Ugh! I thought I told him Coke.
Every day I purposefully try to communicate what I need to avoid confusion and frustration, like telling my lunch waiter my drink choice while requesting cocktail napkins to keep my workspace dry. He wrote it all down, and still no napkins.
I firmly believe smartphones are making us dumber. We are overstimulated with the “squirrel” life we all lead: emails, text messages, Facebook, TV…
It’s impossible to find people that actually “listen”!
The Power of Active Listening
I promise you this frustration is not limited to Michael Attias. Chances are your employees aren’t listening either.

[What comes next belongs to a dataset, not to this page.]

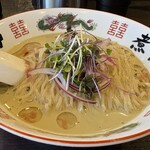 351781241 - 桜冷や牡蠣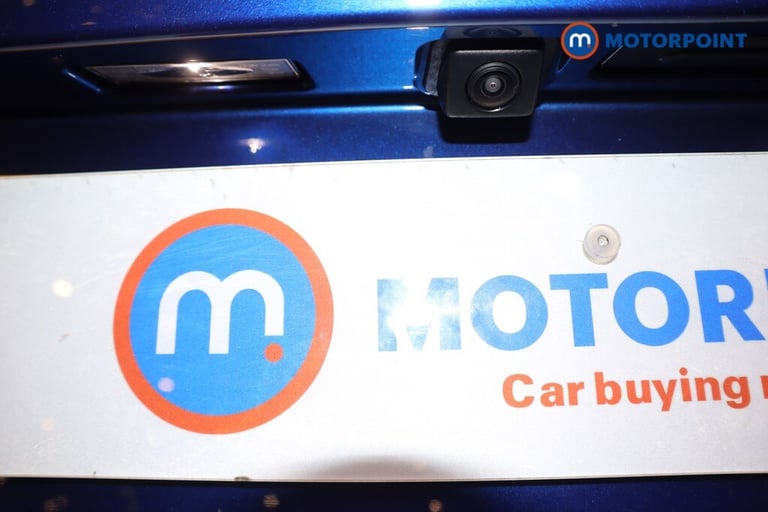 2023 Renault Austral E-Tech FHEV Iconic Esprit Alpine 5dr Auto 4C SUV Hybrid Automatic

If your server misses something, they can go in the back and get it. If a catering client asks for something and it is not delivered, you have bigger problems.

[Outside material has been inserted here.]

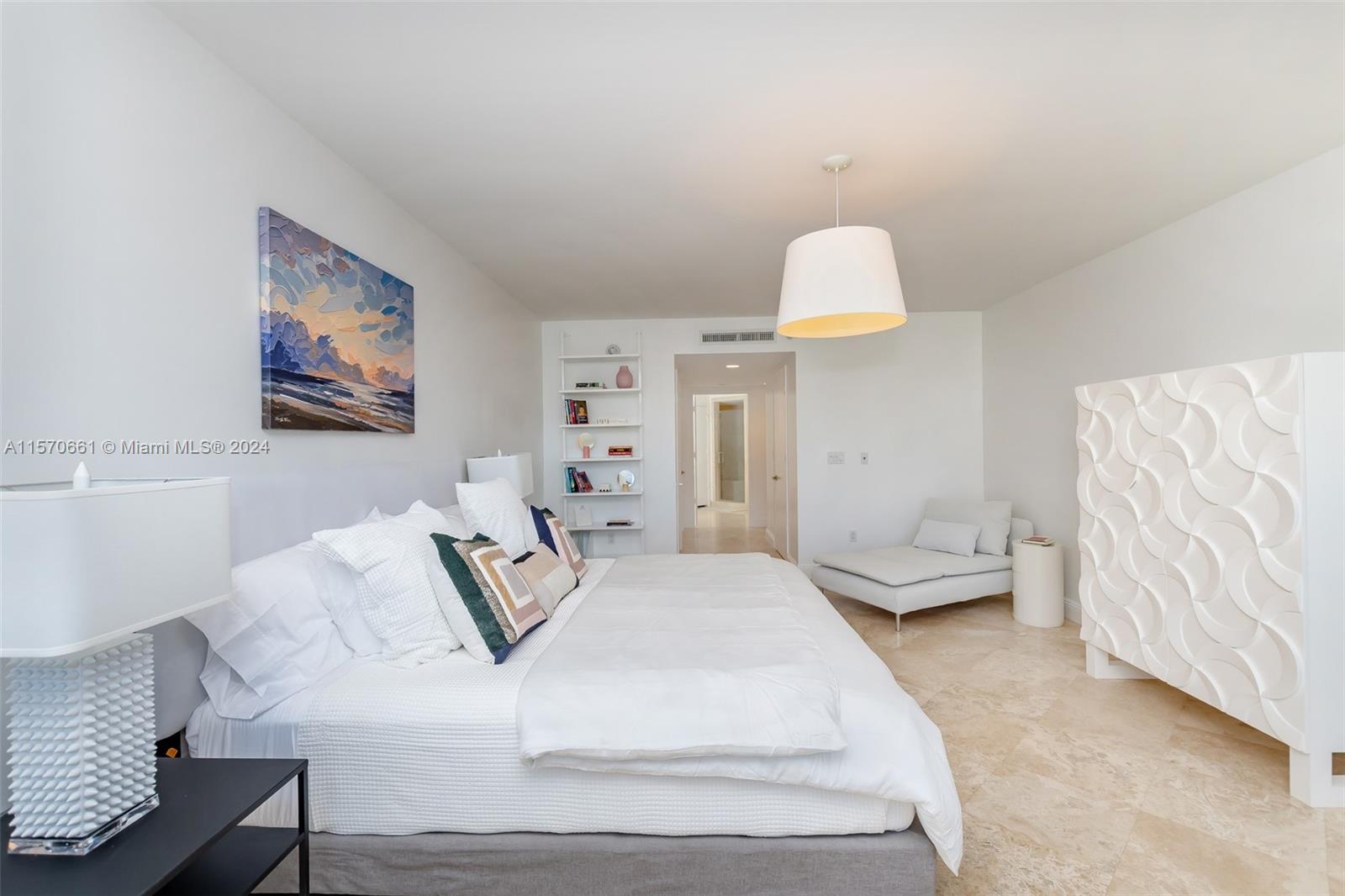 Lake Tower Condo - Residential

Earlier this year I brought on a new Business Development Rep. His primary responsibility is to put inbound and outbound leads through a Sales Tempo and set demo meetings for me.

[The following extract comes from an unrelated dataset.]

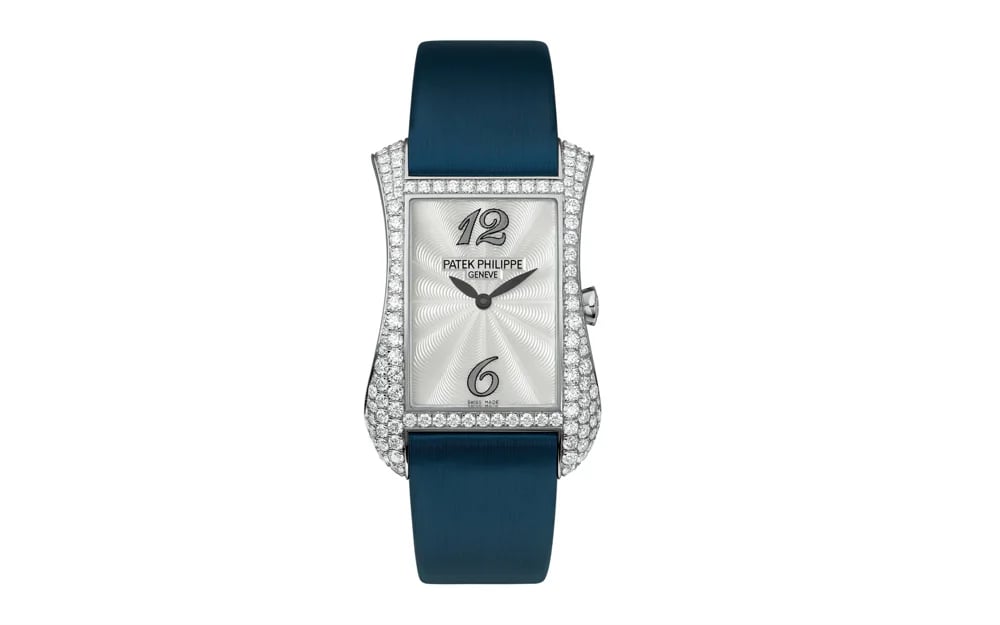 Patek Philippe Gondolo Serata, image 1 Patek Philippe Gondolo Serata, image 1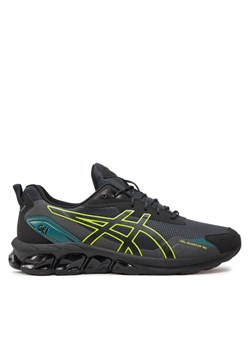 Asics Sneakersy Gel-Quantum 180 Ls 1201A993 Czarny ze sklepu MODIVO w kategorii Buty sportowe męskie - zdjęcie 182729811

Part of my ongoing responsibility to him is development. Every week I listen to recorded calls he has made. They are excellent coaching opportunities.
A few weeks ago I identified he wasn’t listening to his prospects. We have all been there. We are so focused on what we will say next that we don’t take the time to really listen to our prospect.
For a prospect that is maddening.
Catering Prospects Become Customers When They're Heard
I am the easiest guy to sell to. I will tell you exactly what I want.
Unfortunately, no one listens.
So what is my advice?
Listen to what people are saying. Write it down. If a catering prospect tells you they are concerned with their caterer being on time, don’t blurt out, “Our food is great.”
To give you time to process the information, repeat back what they’ve told you:
“OK Susie. So it’s really important that your caterer show up on time.”
That few seconds gives you time to respond intelligently as an active listener.
“We are the only caterer in Nashville that offers an 'On Time or It’s Free Catering Guarantee'. If we are late, you won’t pay for your order.”
Now most of us ADD business owners think coaching is a “one and done” thing. Actually, it takes seven to ten times to get a point across.
Are Your Employees Listening to Prospects?
It’s our job to continuously monitor and coach our people up.
Are you recording your catering calls? Restaurant Catering Systems has a built-in phone system that records incoming and outgoing calls. The purpose is not “got you”. It is to offer constructive criticism.
You want to help your employees identify their areas of opportunity and correct them. Not only does our software include a call module, we've also written a handy guide to help your employees improve their telephone skills, and win more catering clients.
I have always believed the largest opportunity in any business is how the phones are handled. Often, the bulk of catering revenue is derived via phone.
Shouldn’t you monitor how the calls are being handled?
A Google search will identify more tips to becoming a better listener. Incorporate them into your training; initial and ongoing.
When a customer feels you are listening, you are rewarded with loyalty.
Do you hear me?
To your restaurant's marketing & catering success!